Abstract 1957
Background
In advanced clear cell renal cell carcinoma (ccRCC), Checkmate214 demonstrated superior response rates (RR) and progression-free survival (PFS) with ipilimumab/nivolumab (IPI/NIVO) in IMDC I/P-risk pts and with sunitinib (SUN) in G-risk pts. We aimed to study the underlying biologic mechanisms.
Methods
We have recently proposed four molecular ccRCC subtypes: ccrcc2-tumors, characterized by a pro-angiogenic gene signature, respond well to SUN, while ccrcc1- and 4-tumors are intermediate and poor responders to SUN. We analyzed our ccRCC databank and correlated the IMDC prognostic score at start of systemic therapy with mRNA-expression of genes involved in angiogenesis (HIF1A/2A, VEGFA, VEGFR1/2/3) and in the immunosuppressive microenvironment (PD1, PDL1/2, LAG3, CD8A, CD3G, IFNG, CXCL13) and with the molecular ccrcc1-4 classification of the primary tumor.Table: 869PD
IMDC G-risk | IMDC I/P-risk | p (+difference in %) | Test | ||
---|---|---|---|---|---|
MOLECULAR SUBTYPES | ccrcc1 | 14% (3/22) | 34% (47/140) | 0.08 | Fisher exact |
ccrcc2 | 77% (17/22) | 41% (59/140) | 0.002 | ||
ccrcc3 | 9% (2/22) | 5% (7/140) | 0.35 | ||
ccrcc4 | 0% (0/22) | 20% (28/140) | 0.02 | ||
PRO-ANGIOGENIC GENE EXPRESSION (deltadeltaCT) | HIF1A | 0.82 | 0.63 | 0.21 (+29%) | Student’s test |
HIF2A | 1.22 | 0.78 | 0.03 (+57%) | ||
VEGFA | 7.10 | 4.26 | 0.07 (+67%) | ||
VEGFR1 | 3.06 | 1.53 | 0.02 (+100%) | ||
VEGFR2 | 1.37 | 0.60 | 0.009 (+128%) | ||
VEGFR3 | 1.07 | 0.71 | 0.03 (+52%) | ||
OUTCOME ON FIRST-LINE VEGFR-TKI (n = 151) | RR | 63% | 40% | 0.08 | Fisher exact |
PFS (months) | 25 | 10 | 0.03 |
Results
162 pts were included (14% IMDC G-, 65% I- and 21% P-risk).

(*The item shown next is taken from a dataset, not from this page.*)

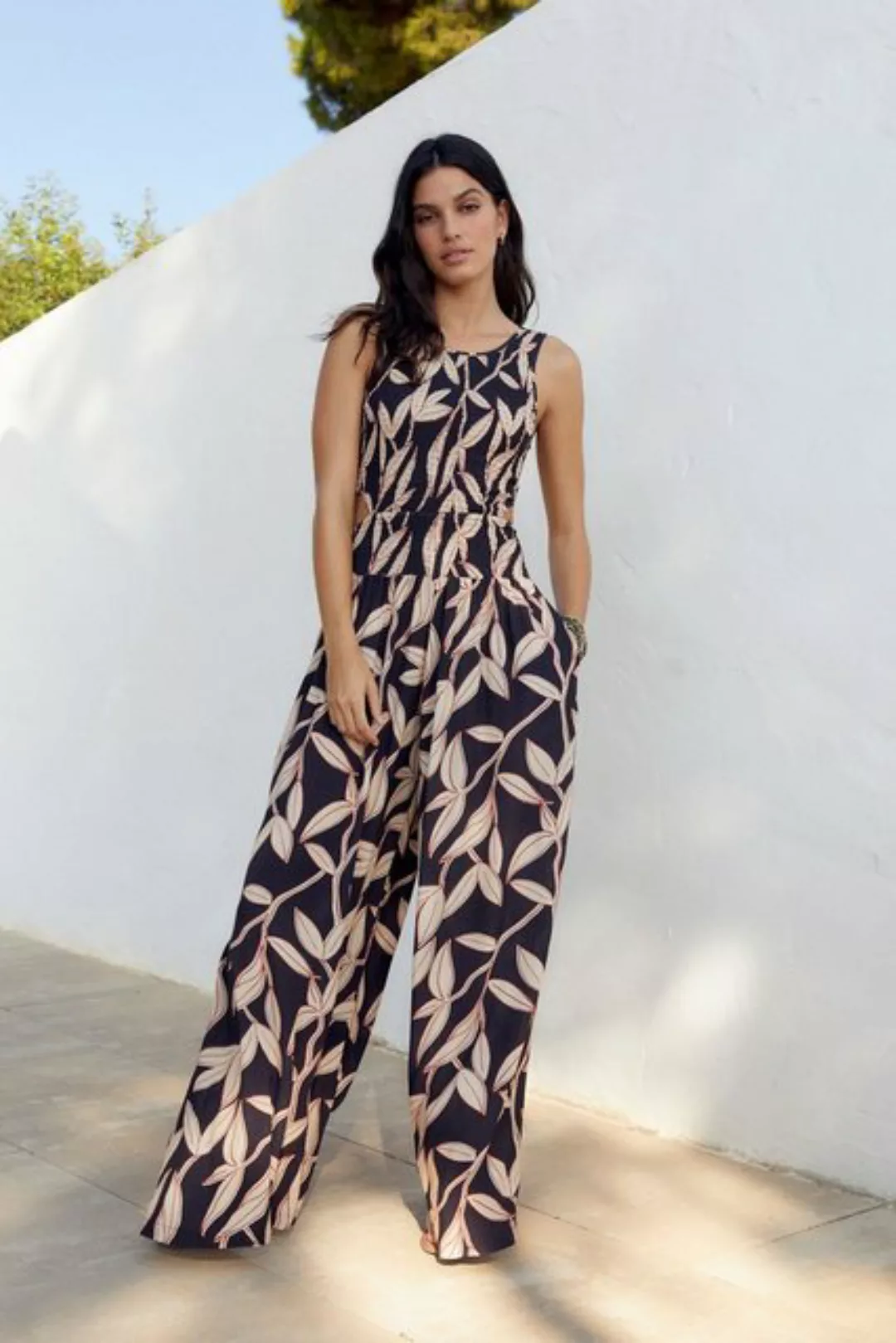 Next Jumpsuit Overall mit gekräuseltem Saum (1-tlg) günstig online kaufen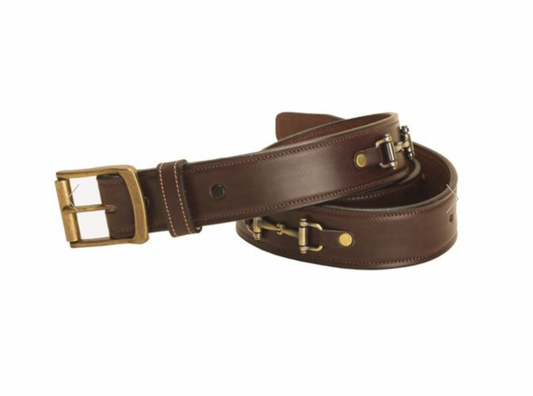 Tory Leather Men's Leather Clincher Belt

The majority of G-risk pts (77%) had ccrcc2-tumors. ccrcc1- (14%) and ccrcc4-tumors (0%) were less frequent. In I/P-risk pts, ccrcc2-tumors were less frequent (41%), and ccrcc1- (34%) and ccrcc4-tumors (20%) more frequent. mRNA expression of HIF2A, VEGFR1, -2 and -3 was higher in G-risk pts compared to I/P-risk pts. Identical expression of immune related genes was found across all IMDC subgroups.
Conclusions
The majority of IMDC G-risk ccRCCs pts have ccrcc2-tumors. G-risk pts display a higher expression of the VEGF-dependent pro-angiogenic pathway, compared to I/P-risk pts. This may explain the increased benefit of SUN over IPI/NIVO in G-risk pts in Checkmate214.
Clinical trial identification
Legal entity responsible for the study
University Hospitals Leuven.
Funding
La Ligue Contre le Cancer France.
Editorial Acknowledgement
Disclosure
B. Beuselinck: Speeker's fee, Research grant: Pfizer P. Schöffski: Institutional travel grant: Pfizer. S. Oudard: Speeker's fee: Pfizer All other authors have declared no conflicts of interest.